**INFORMATION SUPPLIED:**
******************************

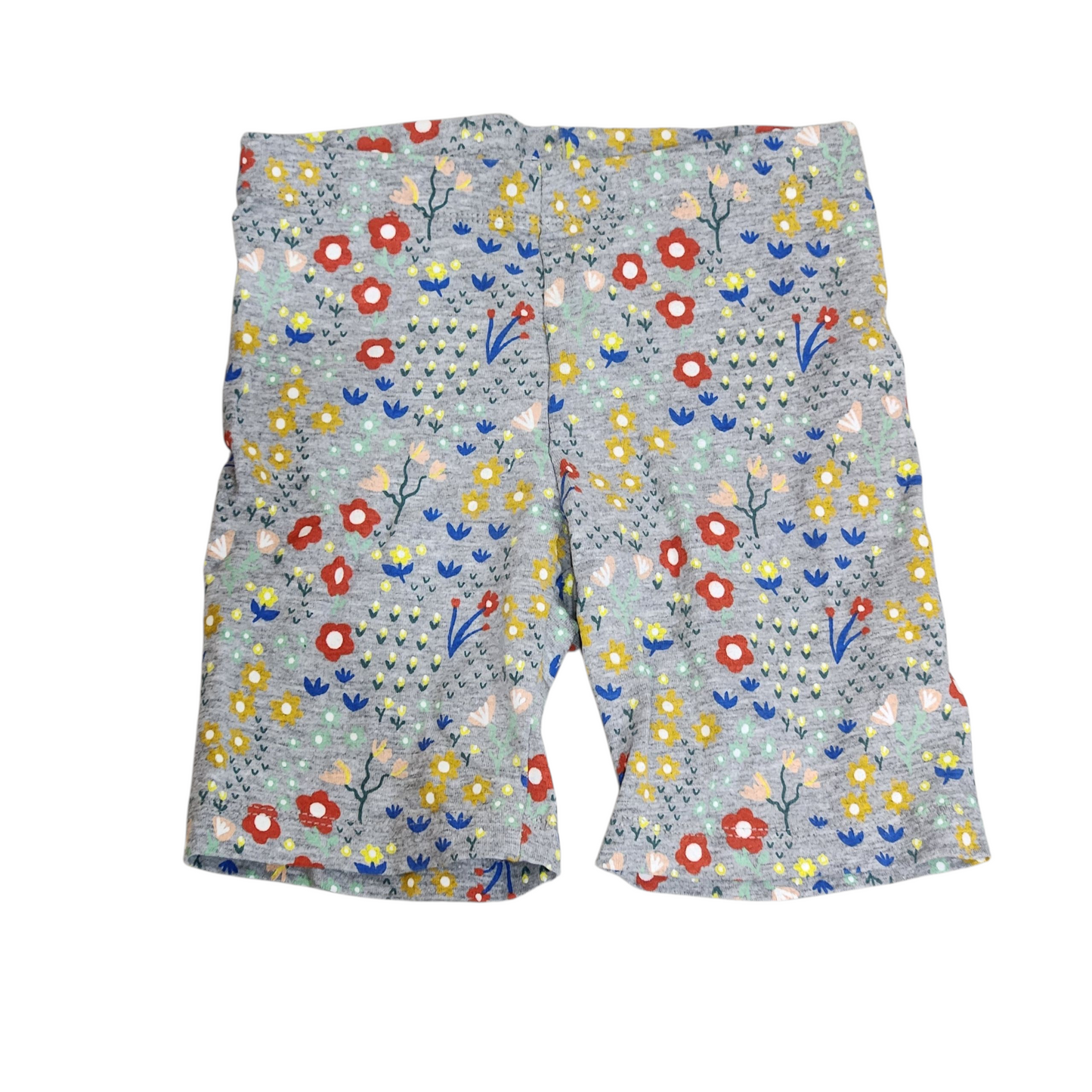 CASTRO מכנסיים קצרים לילדות גיל 3-4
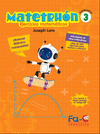 MATETRHON EJERCICIOS MATEMATICOS 3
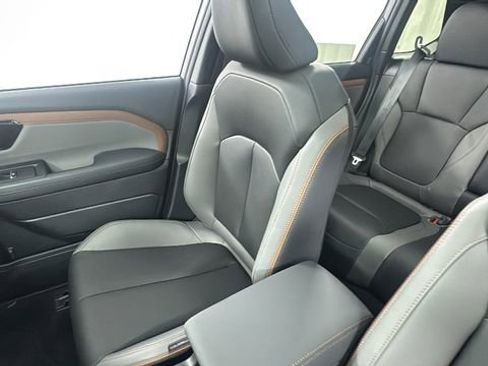 New 2026 Subaru Forester Sport image 13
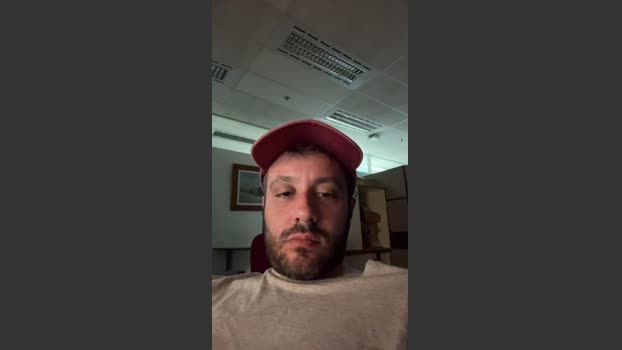 jummy69 02-02-2026 Recorded Video fuckface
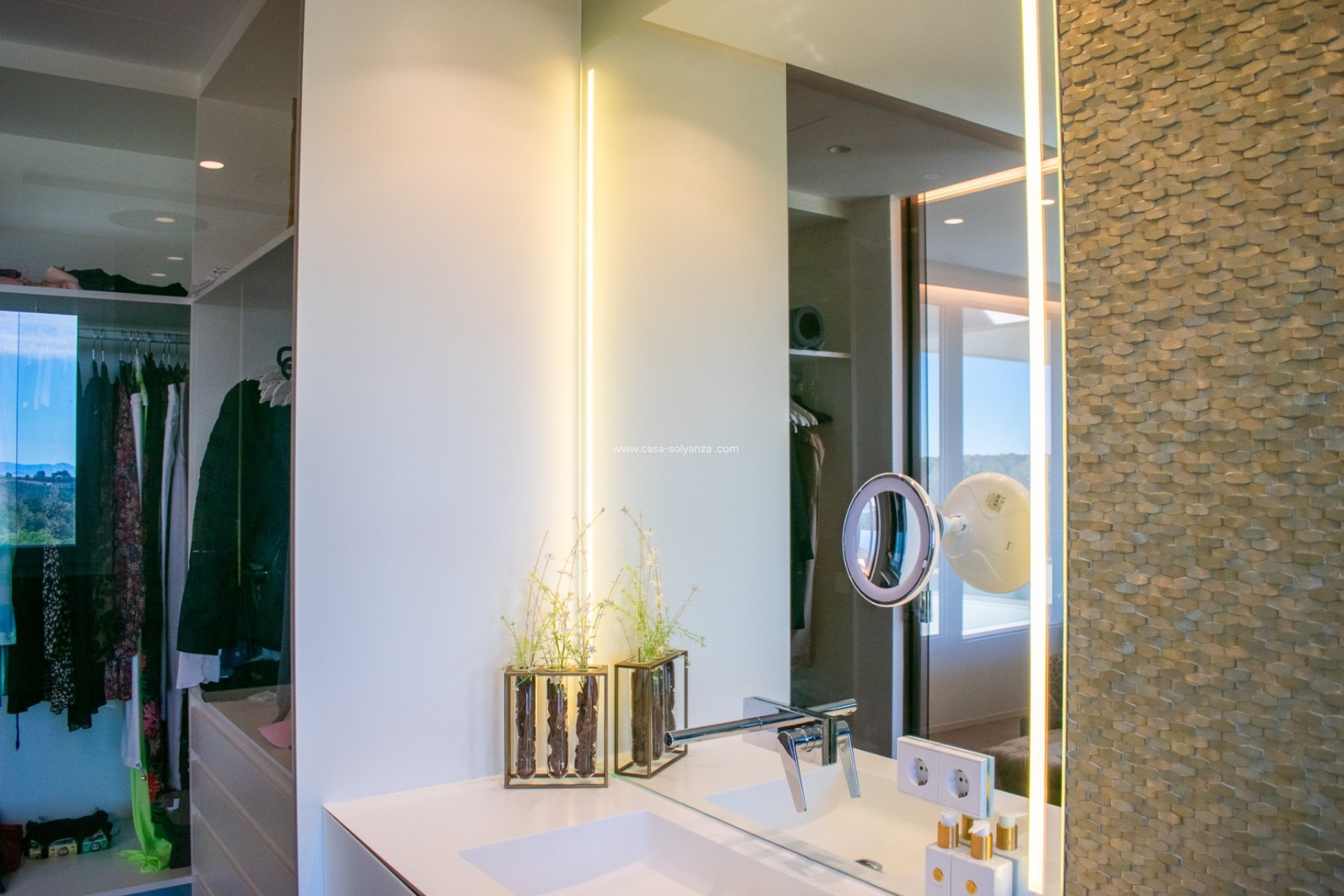 Wiederverkauf - Wohnung - Orihuela Costa - Las Colinas Golf Resort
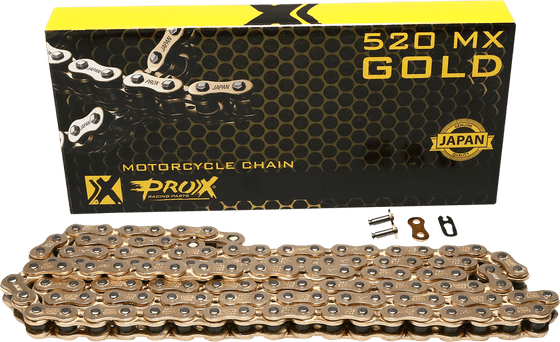 G 450 X (2008 - 2012) mx roller chain | ProX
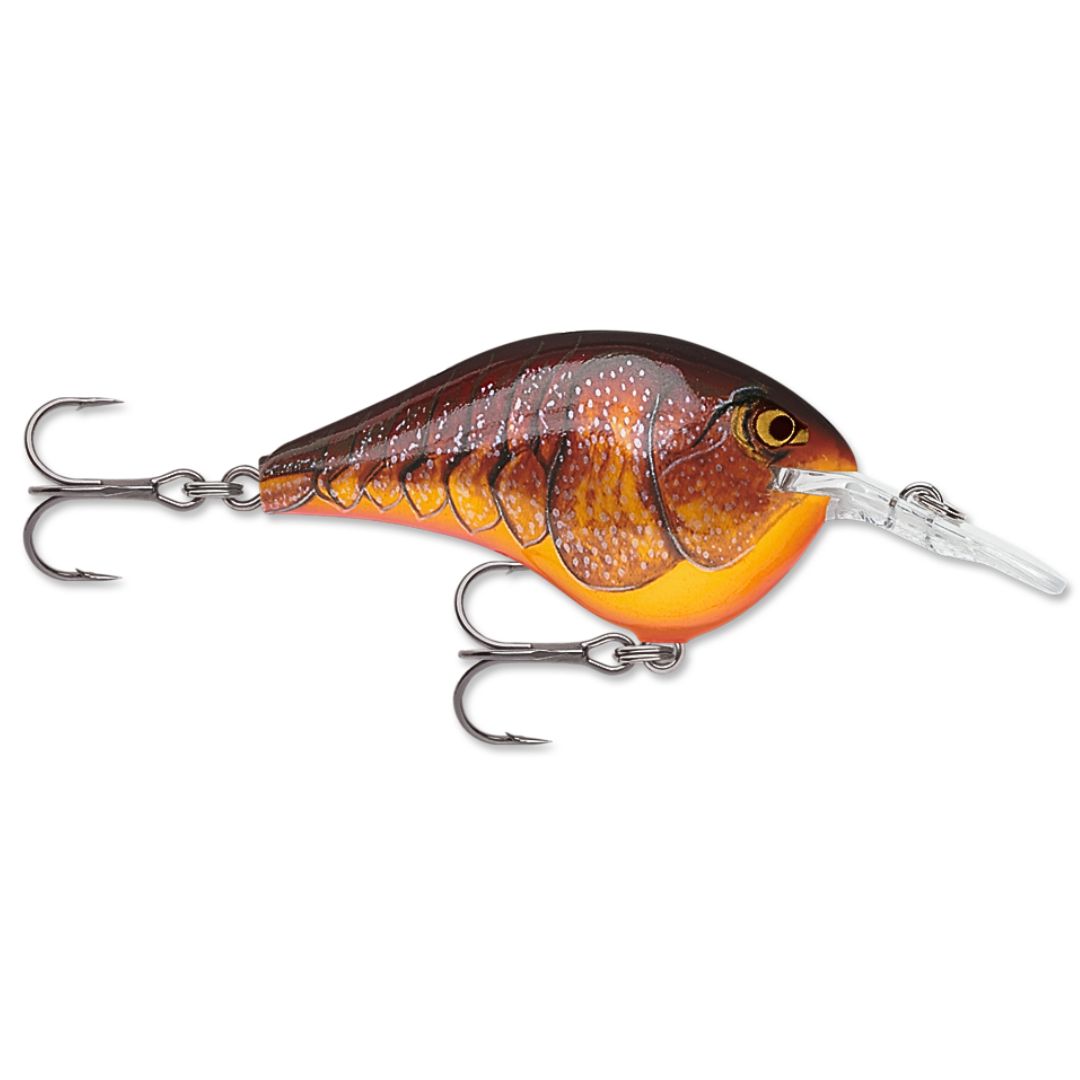 Rapala DT Dives-To Series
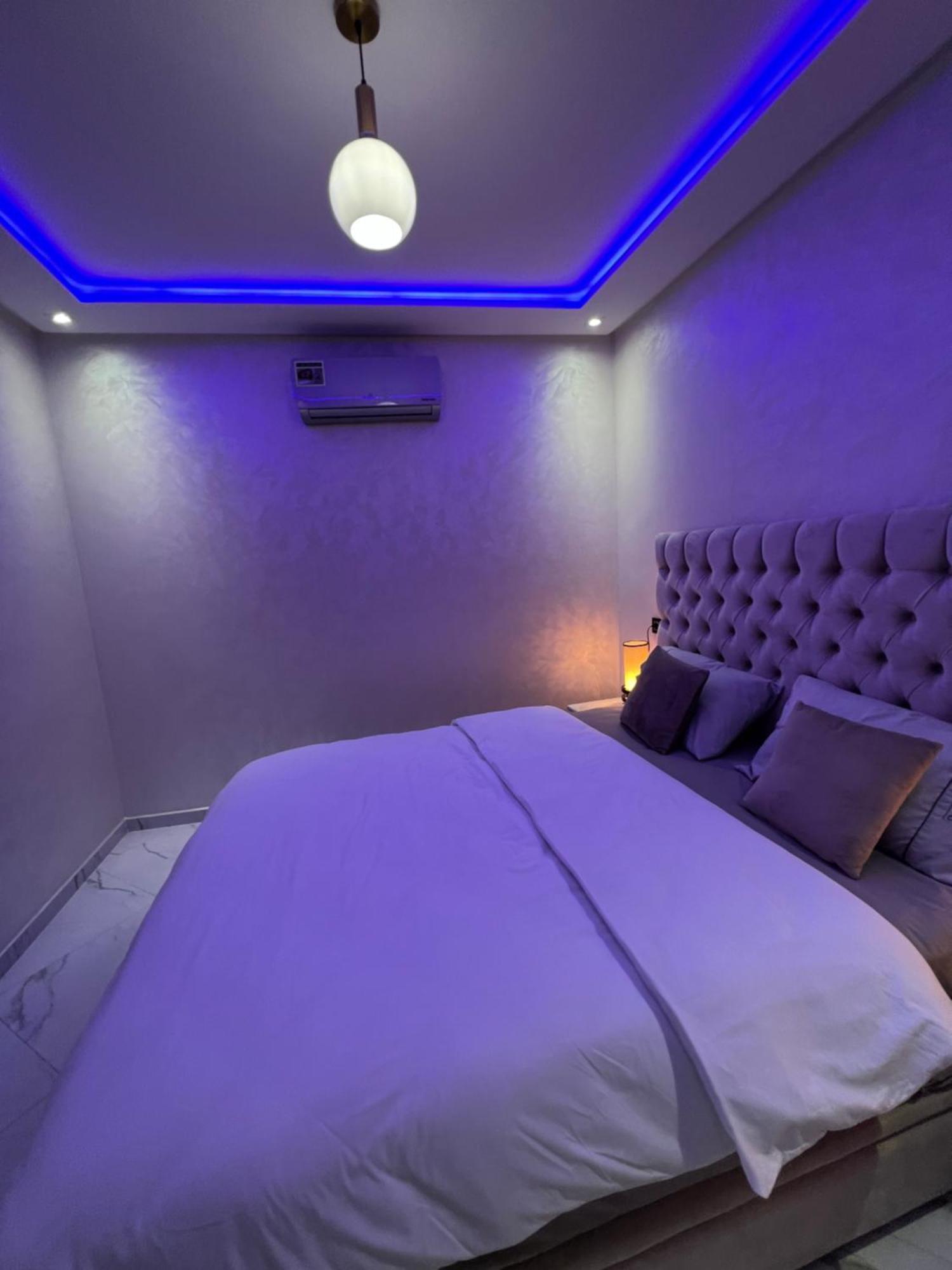 Appartement Wow Al Hoceïma Екстериор снимка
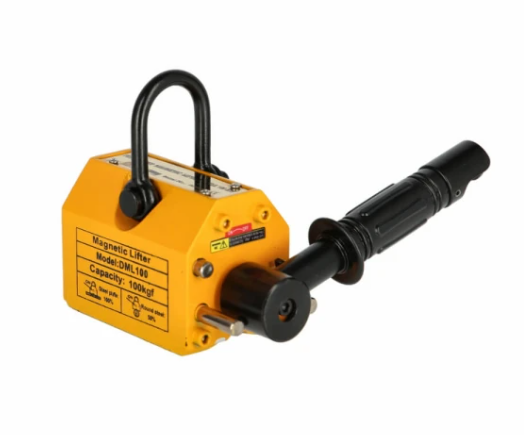 WDL Lyftmagnet WLL: 0,6T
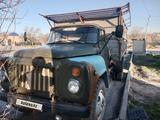 ГАЗ  53 1990 года за 1 600 000 тг. в Шымкент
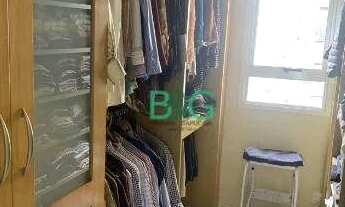 Imagem 3: Apartamento com 4 dormitórios à venda, 223 m² por R$ 1.249.000 - Vila Suzana - São Paulo/S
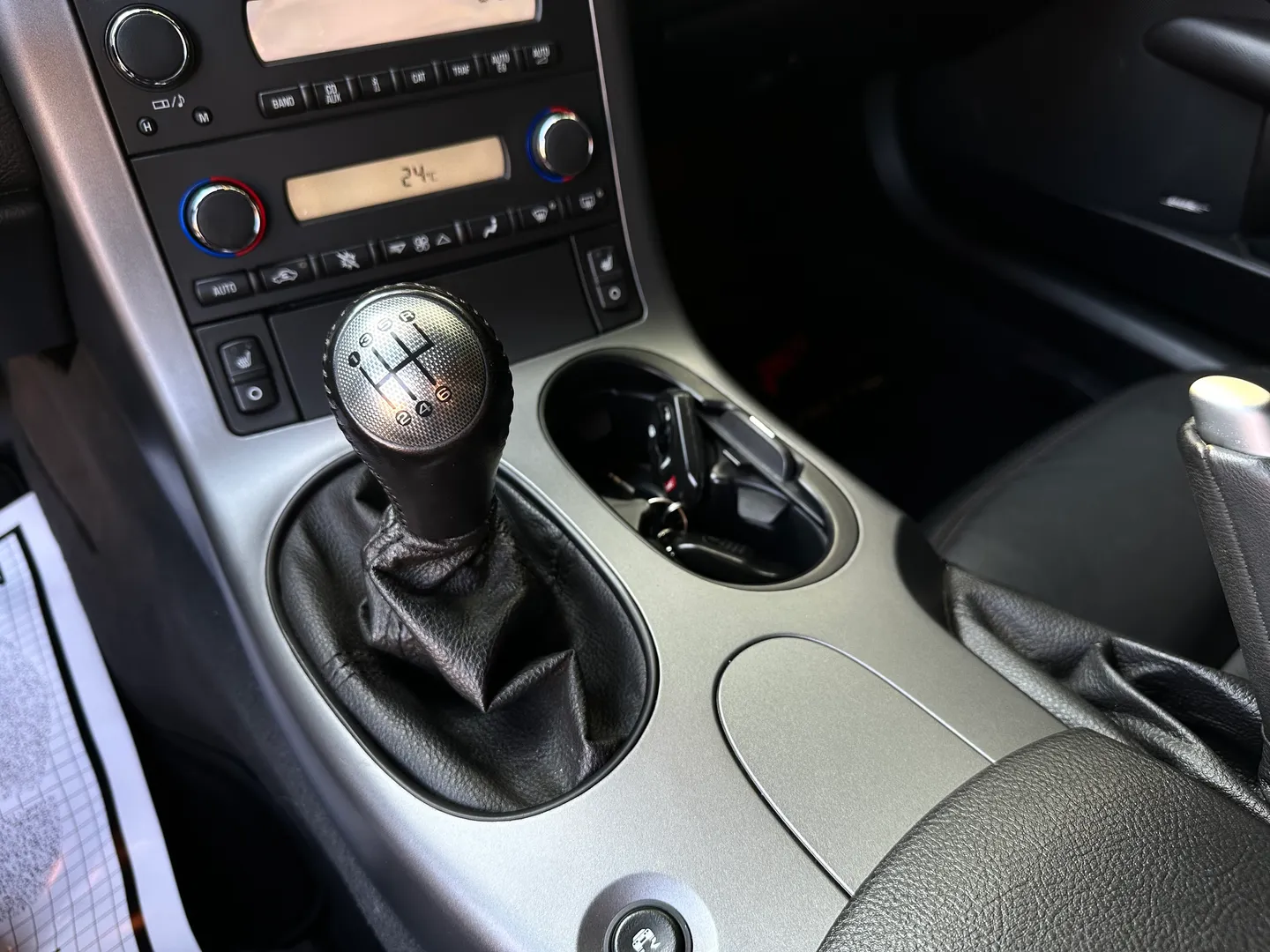 Chevrolet Corvette Z06 RPM Stage 4 Power Kit — photo 51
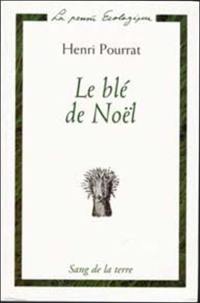 Le blé de Noël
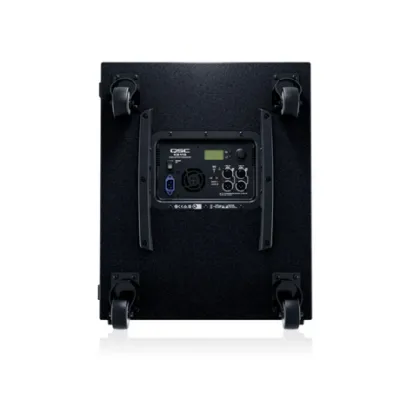 Subwoofer Activo 18" de 3600W QSC KS118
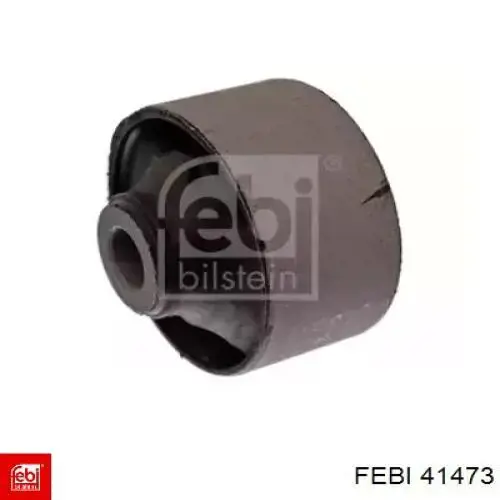 Do koszyka 41473 Febi Silentblock przedniego wahacza dolnego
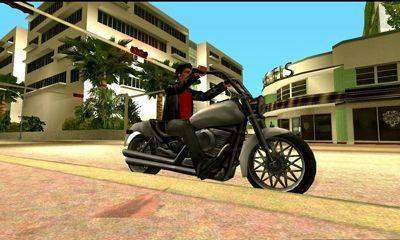 Grand Theft Auto Vice City Free Download Android Game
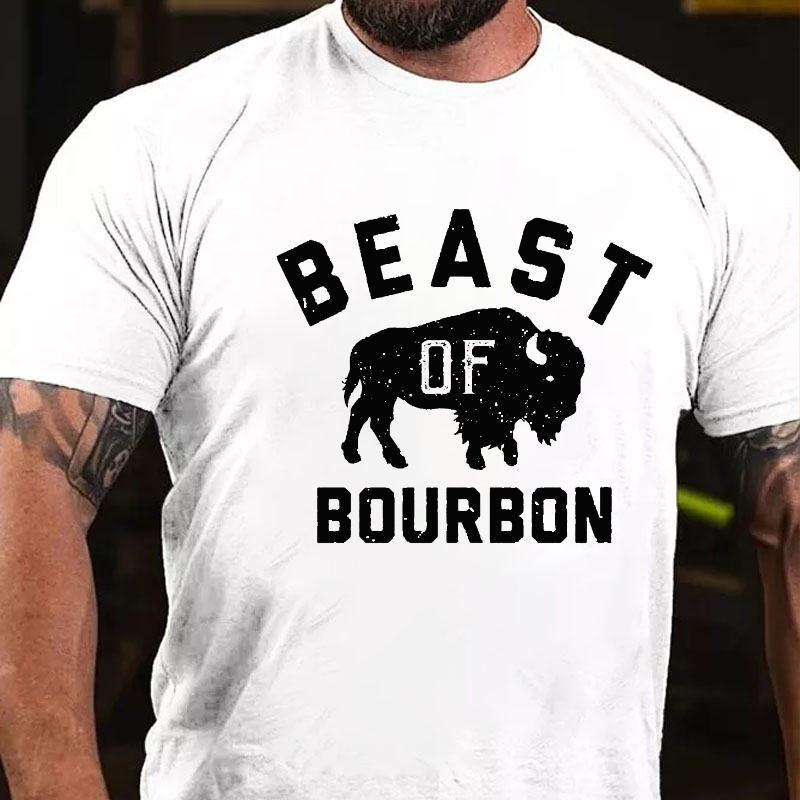 Beast of Bourbon T-shirt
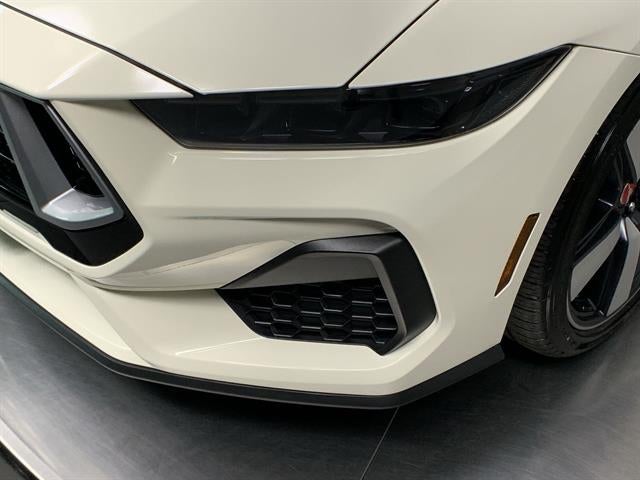 2025 Ford Mustang GT Premium Fastback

******************************

**EXERCISE AIM:** Copy nothing but the lines above that run from the one with "Wiederverkauf - Wohnung" to the one with "Imagem 3: Apartamento", ends included; pictures stay out.

**EXERCISE OUTPUT:**
 Wiederverkauf - Wohnung - Orihuela Costa - Las Colinas Golf Resort
 G 450 X (2008 - 2012) mx roller chain | ProX
 Rapala DT Dives-To Series
 Appartement Wow Al Hoceïma Екстериор снимка
 WDL Lyftmagnet WLL: 0,6T
 ГАЗ  53 1990 года за 1 600 000 тг. в Шымкент
 Imagem 3: Apartamento com 4 dormitórios à venda, 223 m² por R$ 1.249.000 - Vila Suzana - São Paulo/S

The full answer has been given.